Non si può negare che qualche limite di scrittura ci sia, come non si possono negare le tante similitudini con parecchie pellicole di quegli anni. L’alieno ha però dalla sua un crescendo di tensione e colpi di scena non comune. Gli ultimi minuti poi, rappresentano qualcosa di mai visto prima e un punto interrogativo che ci impegnerà ben oltre i titoli di coda.
Gli effetti speciali sono pochi ma buoni, ma ciò che distingue veramente L’alieno è la già citata regia da film d’azione. Consapevole dei pochi mezzi (cinque milioni di dollari), Sholder ci regala la sua regia migliore, appariscente ma non tronfia. Le sparatorie e gli inseguimenti non sfigurano nemmeno davanti a quelli realizzati da William Friedkin per il suo capolavoro, Vivere e morire a Los Angeles.
Per quanto riguarda i sottotesti non sarebbe giusto fare comparazioni con la complessità carpenteriana ma l’ossessione dell’extraterrestre per le lussuose novità che lo circondano è una critica abbastanza esplicita al consumismo e all’arrivismo, fulcro della società capitalista americana.
Insomma un film divertente e meritevole di qualche riflessione, proveniente da un periodo del cinema U.S. A, in cui anche i lavori di genere come questo (che per rispetto a Carpenter, Cronenberg e Romero, è giusto definire minori) vantavano un’accuratezza tecnica e la voglia, sempre e comunque, di comunicare qualcosa di profondo. Un periodo fortunato, distante anni luce dall’attuale che vede un’economia yankee affamata di dollaroni, bombardare il mondo intero con le vuote maschere da serial killer, nei mediocri rifacimenti dei cult anni ottanta. Per non parlare di tutta quella ridondante spazzatura tecnologica 3D, che vorrebbe essere umanitaria ed ecologista (Avatar, Men in Black 3 etc …) pur costando cifre talvolta sufficienti a salvare nazioni intere dalla fame e dalla miseria.

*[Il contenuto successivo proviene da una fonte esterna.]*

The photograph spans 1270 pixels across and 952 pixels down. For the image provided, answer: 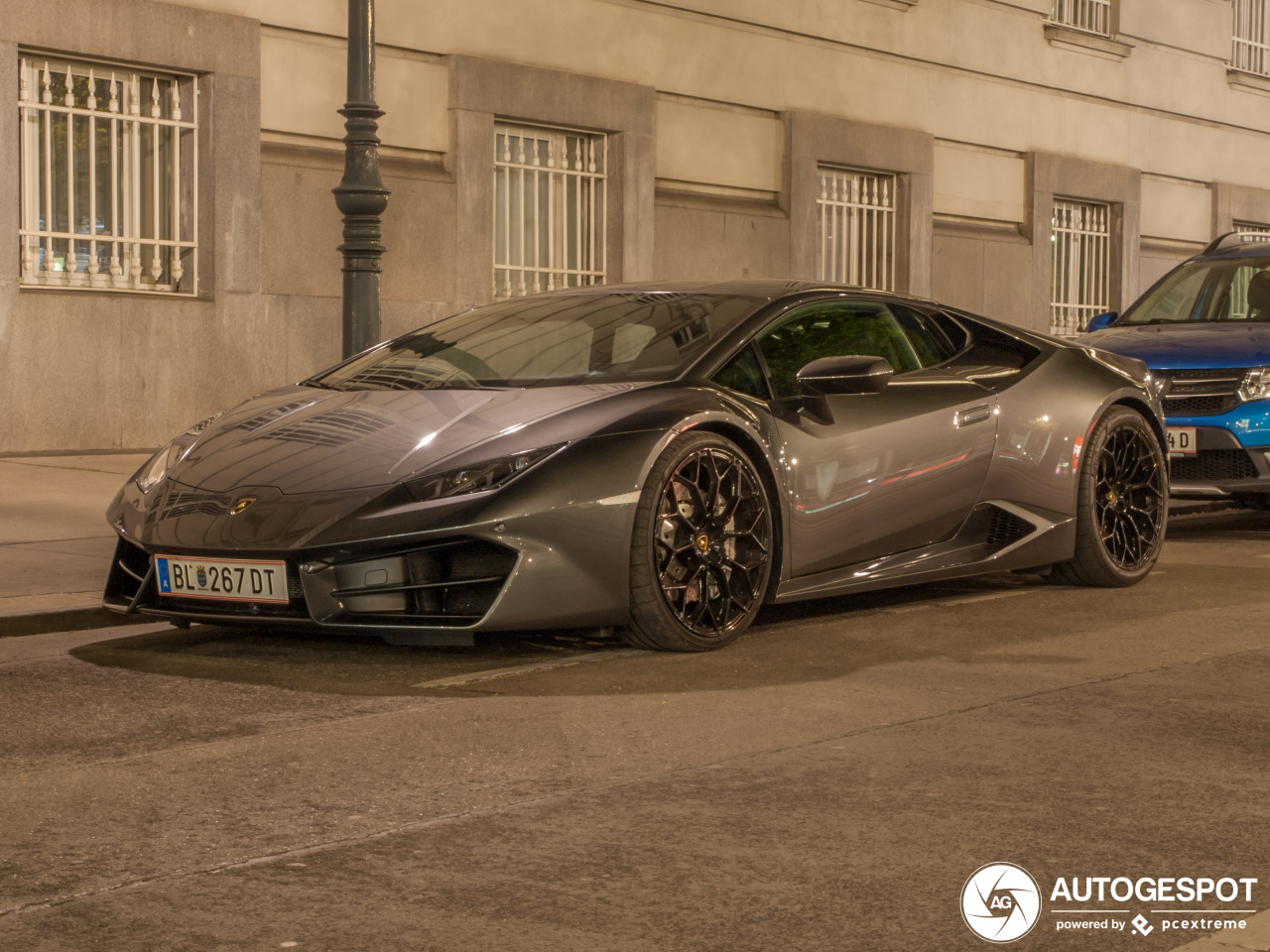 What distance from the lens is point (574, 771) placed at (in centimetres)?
470

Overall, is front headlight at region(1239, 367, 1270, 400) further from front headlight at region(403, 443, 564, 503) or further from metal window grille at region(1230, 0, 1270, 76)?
metal window grille at region(1230, 0, 1270, 76)

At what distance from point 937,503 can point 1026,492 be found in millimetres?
600

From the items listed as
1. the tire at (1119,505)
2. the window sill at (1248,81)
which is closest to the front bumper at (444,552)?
the tire at (1119,505)

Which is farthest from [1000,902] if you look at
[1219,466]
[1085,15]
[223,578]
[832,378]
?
[1085,15]

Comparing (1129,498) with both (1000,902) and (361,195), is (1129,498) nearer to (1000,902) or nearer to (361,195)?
(361,195)

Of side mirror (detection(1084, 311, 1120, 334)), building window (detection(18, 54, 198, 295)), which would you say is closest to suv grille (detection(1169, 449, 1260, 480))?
side mirror (detection(1084, 311, 1120, 334))

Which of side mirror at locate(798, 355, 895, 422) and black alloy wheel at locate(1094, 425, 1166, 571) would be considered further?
black alloy wheel at locate(1094, 425, 1166, 571)

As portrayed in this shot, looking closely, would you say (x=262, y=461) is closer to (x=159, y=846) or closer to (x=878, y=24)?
(x=159, y=846)

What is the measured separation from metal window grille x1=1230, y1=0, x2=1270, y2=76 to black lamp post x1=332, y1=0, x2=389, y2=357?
18.6m

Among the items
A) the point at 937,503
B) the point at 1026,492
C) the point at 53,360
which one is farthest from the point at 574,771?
the point at 53,360

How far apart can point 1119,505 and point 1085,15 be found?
16.0 metres

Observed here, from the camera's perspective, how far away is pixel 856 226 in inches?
787

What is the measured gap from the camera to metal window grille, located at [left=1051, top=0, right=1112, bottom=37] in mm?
22391

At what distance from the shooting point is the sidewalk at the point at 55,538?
7027 mm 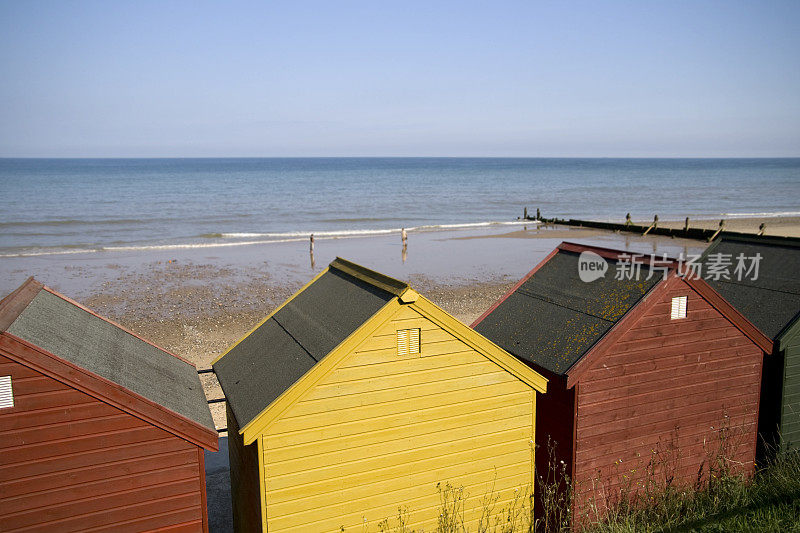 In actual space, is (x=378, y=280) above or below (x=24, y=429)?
above

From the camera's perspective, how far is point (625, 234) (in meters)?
50.1

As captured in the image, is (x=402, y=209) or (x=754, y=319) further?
(x=402, y=209)

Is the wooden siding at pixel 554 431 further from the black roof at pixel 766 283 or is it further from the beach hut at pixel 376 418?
Result: the black roof at pixel 766 283

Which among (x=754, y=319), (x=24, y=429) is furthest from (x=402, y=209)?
(x=24, y=429)

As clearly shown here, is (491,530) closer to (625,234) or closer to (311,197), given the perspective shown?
(625,234)

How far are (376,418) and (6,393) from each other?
393 centimetres

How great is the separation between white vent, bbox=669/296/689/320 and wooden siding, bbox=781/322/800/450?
2451 mm

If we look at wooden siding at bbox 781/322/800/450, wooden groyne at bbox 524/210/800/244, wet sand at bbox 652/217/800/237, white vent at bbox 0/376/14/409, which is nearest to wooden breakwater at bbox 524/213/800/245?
wooden groyne at bbox 524/210/800/244

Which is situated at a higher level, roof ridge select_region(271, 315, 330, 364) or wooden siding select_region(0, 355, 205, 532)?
roof ridge select_region(271, 315, 330, 364)

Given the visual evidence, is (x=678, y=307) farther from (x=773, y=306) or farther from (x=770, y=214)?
(x=770, y=214)

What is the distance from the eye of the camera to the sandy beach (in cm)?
2366

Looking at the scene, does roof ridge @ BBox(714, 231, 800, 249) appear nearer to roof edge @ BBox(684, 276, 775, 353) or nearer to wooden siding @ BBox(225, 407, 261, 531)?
roof edge @ BBox(684, 276, 775, 353)

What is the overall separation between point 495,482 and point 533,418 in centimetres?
100

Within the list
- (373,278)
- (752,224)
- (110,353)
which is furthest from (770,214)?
(110,353) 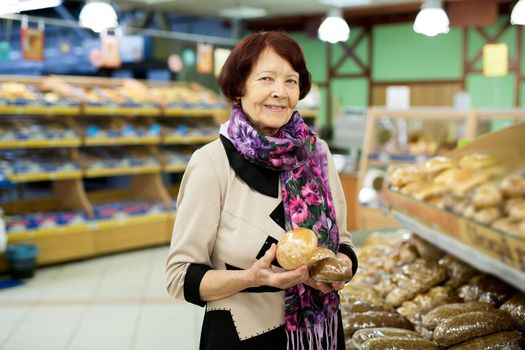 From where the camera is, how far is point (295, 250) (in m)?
1.56

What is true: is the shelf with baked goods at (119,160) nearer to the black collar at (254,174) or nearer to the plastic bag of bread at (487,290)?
the plastic bag of bread at (487,290)

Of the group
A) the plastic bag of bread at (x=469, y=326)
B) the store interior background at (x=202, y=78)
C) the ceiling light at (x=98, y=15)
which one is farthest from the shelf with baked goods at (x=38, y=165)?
the plastic bag of bread at (x=469, y=326)

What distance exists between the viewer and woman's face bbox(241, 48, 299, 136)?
68.6 inches

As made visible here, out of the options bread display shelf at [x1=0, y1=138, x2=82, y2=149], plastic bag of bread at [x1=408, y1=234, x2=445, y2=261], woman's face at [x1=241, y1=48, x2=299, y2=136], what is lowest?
plastic bag of bread at [x1=408, y1=234, x2=445, y2=261]

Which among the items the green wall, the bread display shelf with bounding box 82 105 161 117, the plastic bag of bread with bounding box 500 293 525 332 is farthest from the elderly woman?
the green wall

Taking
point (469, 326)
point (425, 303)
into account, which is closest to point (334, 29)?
point (425, 303)

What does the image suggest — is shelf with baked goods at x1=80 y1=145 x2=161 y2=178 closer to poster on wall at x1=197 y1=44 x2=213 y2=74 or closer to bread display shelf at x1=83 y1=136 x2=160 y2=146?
bread display shelf at x1=83 y1=136 x2=160 y2=146

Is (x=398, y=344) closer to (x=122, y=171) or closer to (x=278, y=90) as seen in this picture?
(x=278, y=90)

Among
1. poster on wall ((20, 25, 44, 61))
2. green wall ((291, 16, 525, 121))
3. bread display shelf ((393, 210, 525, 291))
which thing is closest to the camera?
bread display shelf ((393, 210, 525, 291))

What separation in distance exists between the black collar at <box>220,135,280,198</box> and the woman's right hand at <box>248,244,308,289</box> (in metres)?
0.24

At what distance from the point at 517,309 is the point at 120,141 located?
18.8 ft

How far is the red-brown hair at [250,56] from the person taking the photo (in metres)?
1.74

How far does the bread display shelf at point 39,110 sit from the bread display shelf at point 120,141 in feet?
1.22

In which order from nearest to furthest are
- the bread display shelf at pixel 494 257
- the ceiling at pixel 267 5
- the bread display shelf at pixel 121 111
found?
the bread display shelf at pixel 494 257 < the bread display shelf at pixel 121 111 < the ceiling at pixel 267 5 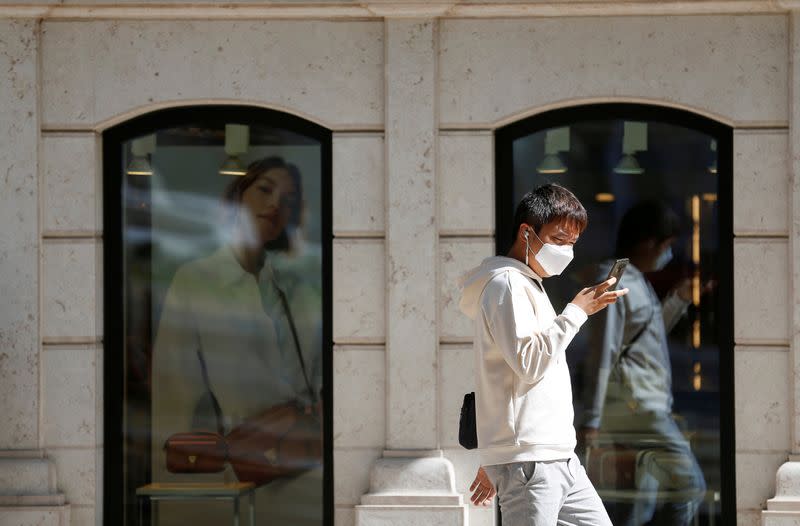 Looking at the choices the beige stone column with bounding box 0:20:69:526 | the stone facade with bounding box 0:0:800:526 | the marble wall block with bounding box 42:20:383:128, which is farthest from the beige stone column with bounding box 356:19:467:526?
the beige stone column with bounding box 0:20:69:526

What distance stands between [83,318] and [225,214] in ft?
3.43

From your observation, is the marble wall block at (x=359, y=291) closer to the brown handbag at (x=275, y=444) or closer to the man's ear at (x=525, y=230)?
the brown handbag at (x=275, y=444)

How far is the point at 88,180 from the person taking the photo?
870 centimetres

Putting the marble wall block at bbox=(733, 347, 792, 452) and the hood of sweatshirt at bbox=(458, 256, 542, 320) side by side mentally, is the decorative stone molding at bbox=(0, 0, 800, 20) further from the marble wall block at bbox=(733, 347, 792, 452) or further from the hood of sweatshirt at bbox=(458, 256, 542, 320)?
the hood of sweatshirt at bbox=(458, 256, 542, 320)

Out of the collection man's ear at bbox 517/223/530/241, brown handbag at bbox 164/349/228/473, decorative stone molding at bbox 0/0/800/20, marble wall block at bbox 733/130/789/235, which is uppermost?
decorative stone molding at bbox 0/0/800/20

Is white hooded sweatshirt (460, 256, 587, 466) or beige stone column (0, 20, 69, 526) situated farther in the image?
beige stone column (0, 20, 69, 526)

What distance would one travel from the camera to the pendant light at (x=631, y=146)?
8.66 meters

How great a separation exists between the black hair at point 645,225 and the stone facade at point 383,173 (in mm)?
462

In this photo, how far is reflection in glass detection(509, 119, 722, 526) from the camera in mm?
8656

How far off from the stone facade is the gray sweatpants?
274 centimetres

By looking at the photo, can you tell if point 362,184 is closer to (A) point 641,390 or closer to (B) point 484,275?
(A) point 641,390

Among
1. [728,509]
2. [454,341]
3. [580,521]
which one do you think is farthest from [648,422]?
[580,521]

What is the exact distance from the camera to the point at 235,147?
8914 mm

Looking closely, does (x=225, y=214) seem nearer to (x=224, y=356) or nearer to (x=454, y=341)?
(x=224, y=356) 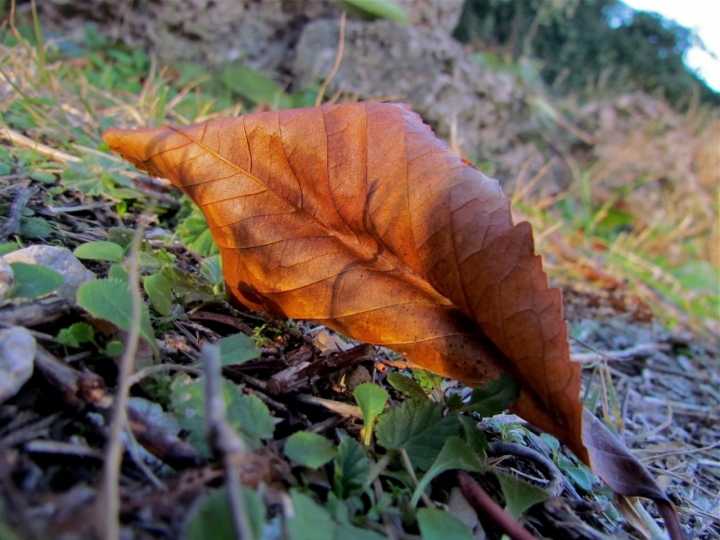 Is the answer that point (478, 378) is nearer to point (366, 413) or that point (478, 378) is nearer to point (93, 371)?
point (366, 413)

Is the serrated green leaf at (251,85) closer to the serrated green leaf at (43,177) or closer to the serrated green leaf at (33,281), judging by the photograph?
the serrated green leaf at (43,177)

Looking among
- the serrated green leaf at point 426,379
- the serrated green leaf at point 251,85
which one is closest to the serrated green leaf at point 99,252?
the serrated green leaf at point 426,379

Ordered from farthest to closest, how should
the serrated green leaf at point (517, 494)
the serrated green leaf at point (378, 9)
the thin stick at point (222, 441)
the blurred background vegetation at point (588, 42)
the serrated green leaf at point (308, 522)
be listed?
the blurred background vegetation at point (588, 42) → the serrated green leaf at point (378, 9) → the serrated green leaf at point (517, 494) → the serrated green leaf at point (308, 522) → the thin stick at point (222, 441)

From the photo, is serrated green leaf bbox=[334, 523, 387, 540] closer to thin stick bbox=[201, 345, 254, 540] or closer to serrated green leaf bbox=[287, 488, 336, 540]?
serrated green leaf bbox=[287, 488, 336, 540]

Note: L’alieno non ebbe un buon successo al botteghino. Il buon Sholder da allora è stato relegato inproduzioni televisive o comunque di quart’ordine.
Nonostante il mezzo flop, sei anni dopo ne venne prodotto un seguito dimenticabile e dimenticato, per la regia di un certo Seth Pinsker.
Curiosità: Se decidete di vedere L’Alieno, divertitevi a scovare la comparsata di Danny Trejo (Machete, La Casa del Diavolo...).